Carthago lijkt op het toppunt van haar macht en gedraagt zich bij tijden met enige hoogmoed. Volgens Zonaras verschijnt er in 272 een Carthaagse vloot voor de stad Tarente. Heel misschien komt het hier reeds tot een eerste kortstondige confrontatie met de Romeinen. Voor het overige heerst er een vreemde rust over het westelijke deel van de Middellandse zee. Het is de stilte voor de storm.
In het oosten stormt het nog steeds. De Diadochenrijken staan elkaar constant naar het leven en het is ook in deze tijd, dat de Parthen beginnen met de aantasting van het grote Seleucidische rijk. Niettemin onderhoudt Carthago zo goed mogelijke relaties met het Ptolemeëenrijk en het zwakker wordende Seleucië, zolang althans beide rijken niet met elkaar in oorlog zijn.
De Sahara wordt doorkruist met karavanen. Van verdere Atlantische reizen horen we daarentegen niets meer. Carthago is mogelijk tevreden met wat het heeft.
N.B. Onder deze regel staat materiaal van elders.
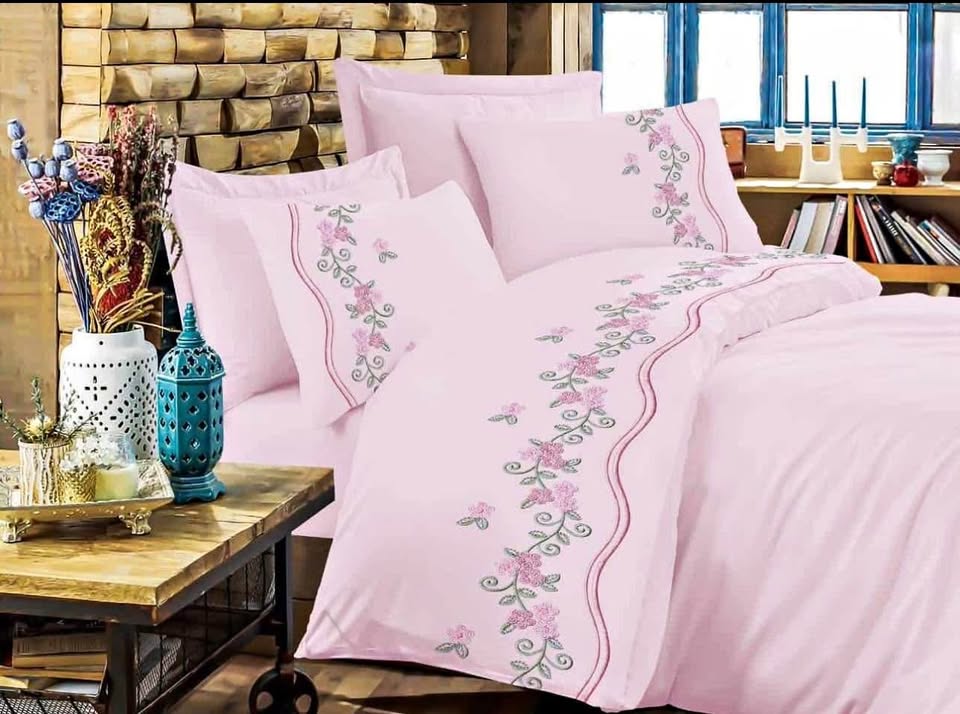 Brand New Embroidery Bedsheet Set Egyptian Cotton for sale.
Een voor dat kleine volk immens rijk en een nog groter afzetgebied, terwijl de andere Fenicische/Punische nederzettingen, ondanks hun tributen aan Carthago, goed kunnen meeprofiteren.

Het is alleen voor Carthago wat lastig om de vorsten van Numidië, Mauretanië en Iberië in toom te houden. Ook de Sarden wensen baas in het het binnenland van hun eiland te blijven, terwijl de Grieken zich schijnbaar op Sicilië in hun lot van schatplichtigheid schikken. Het ziet er allemaal veel te rooskleurig uit, zoals in de komende decennia zou blijken. Zodra de Carthagers op hun eigen domein zouden worden aangetast (en dat is de vloot en de zee), zou de opgeblazen ballon van welvaart, rijkdom en macht, zij het met moeite, kunnen worden doorgeprikt.